Last year, Truthout launched a new column, "Solutions: Making Government Work," written by Dina Rasor. As a longtime investigator, Rasor has exposed fraud against the federal government through journalism, transparency advocacy and whistleblower lawsuits to recover money back to the federal Treasury. The Solutions column was created to take her 30-year knowledge of why the government wasn't working and, slice by slice, come up with realistic solutions to fix long-term problems. The column spent its first year looking at solutions for government agencies such as the Federal Emergency Management Agency, the Securities and Exchange Commission and the Pentagon. These solutions were offered up as reforms during the time both political parties claimed that they were interested in governance to make the government work better. The Department of Defense Director of Defense Pricing, Shay Assad, has started a dialog with Rasor about one of her columns on how to fundamentally change the pricing of weapons to save billions of dollars.
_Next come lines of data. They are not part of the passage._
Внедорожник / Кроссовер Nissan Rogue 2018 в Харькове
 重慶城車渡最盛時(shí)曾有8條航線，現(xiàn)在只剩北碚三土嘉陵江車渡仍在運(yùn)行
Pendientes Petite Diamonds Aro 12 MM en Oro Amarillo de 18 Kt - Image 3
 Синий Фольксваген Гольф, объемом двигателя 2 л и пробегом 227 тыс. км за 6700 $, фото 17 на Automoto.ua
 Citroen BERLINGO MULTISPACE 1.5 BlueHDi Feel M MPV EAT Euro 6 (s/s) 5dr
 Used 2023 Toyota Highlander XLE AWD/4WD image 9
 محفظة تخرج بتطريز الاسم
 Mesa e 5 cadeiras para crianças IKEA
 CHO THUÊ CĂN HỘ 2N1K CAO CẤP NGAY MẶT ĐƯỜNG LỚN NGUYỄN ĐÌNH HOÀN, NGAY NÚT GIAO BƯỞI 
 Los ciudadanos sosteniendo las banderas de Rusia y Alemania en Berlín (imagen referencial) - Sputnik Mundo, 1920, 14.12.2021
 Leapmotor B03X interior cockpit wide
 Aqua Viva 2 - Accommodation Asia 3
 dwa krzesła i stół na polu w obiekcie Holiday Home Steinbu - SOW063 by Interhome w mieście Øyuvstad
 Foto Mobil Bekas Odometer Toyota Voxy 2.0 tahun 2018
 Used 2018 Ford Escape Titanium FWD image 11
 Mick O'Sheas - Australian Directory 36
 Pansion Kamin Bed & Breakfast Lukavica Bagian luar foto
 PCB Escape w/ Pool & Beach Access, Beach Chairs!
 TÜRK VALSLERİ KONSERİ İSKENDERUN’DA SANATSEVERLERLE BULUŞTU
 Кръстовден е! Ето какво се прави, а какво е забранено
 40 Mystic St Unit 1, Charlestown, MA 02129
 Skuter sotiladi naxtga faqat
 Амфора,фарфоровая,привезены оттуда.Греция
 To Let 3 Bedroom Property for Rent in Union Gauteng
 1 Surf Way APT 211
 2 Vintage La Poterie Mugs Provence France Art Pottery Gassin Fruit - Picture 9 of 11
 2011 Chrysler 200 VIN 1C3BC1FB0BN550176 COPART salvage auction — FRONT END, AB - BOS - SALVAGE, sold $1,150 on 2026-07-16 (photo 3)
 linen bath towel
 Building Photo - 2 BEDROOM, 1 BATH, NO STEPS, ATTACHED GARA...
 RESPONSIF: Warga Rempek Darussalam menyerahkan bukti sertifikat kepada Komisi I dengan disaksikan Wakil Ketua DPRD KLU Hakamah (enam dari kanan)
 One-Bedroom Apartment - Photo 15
However, during the course of writing weekly columns on fixing government, it has become more and more clear that any legislative and executive branch attempts to reform the system can be easily thwarted by the large influence of money in the system. Even though the Solutions column offered realistic solutions for reform, it has become obvious, more now than in the past, that the burgeoning problem of influence peddling with money will doom real reform. In this presidential election year, it is virtually impossible to expect serious governance from our elected and appointed officials in the federal government.
Therefore, the Solutions column will spend the rest of this year, until the election, following the money that keeps realistic reform from succeeding and concentrate on exposing and explaining how self-dealing is the No. 1 problem that is preventing our government from working. Self-dealing is a term usually used in business when a fiduciary makes decisions that are in his or her own self-interest instead of the company's. So, the Solutions column will look at our federal "fiduciary agents" and follow where the money is going, who it is buying and how the government is affected by the self-dealing corruption. There are many journalistic efforts this year to expose campaign contributions to see where they are from and where they are going through databases and aggregate numbers. The Solutions column will, instead, follow specific examples of individuals who are self-dealing for money for campaigns or jobs outside the federal government and follow the self-dealing trail to see how various parts of the government have been corrupted or injured by the self-dealing.
Today, we published the first article in the new series: "Self-Dealing in Government: No. 1 Impediment to Reform"
As we continue the series, Truthout readers are encouraged to send in suggestions of self-dealing to Dina Rasor at email@example.com to investigate.
Realistically, we know that this is a huge problem with no instant fixes, but let's get started exploring just what this pernicious money problem is doing to our democracy, one self-deal at a time.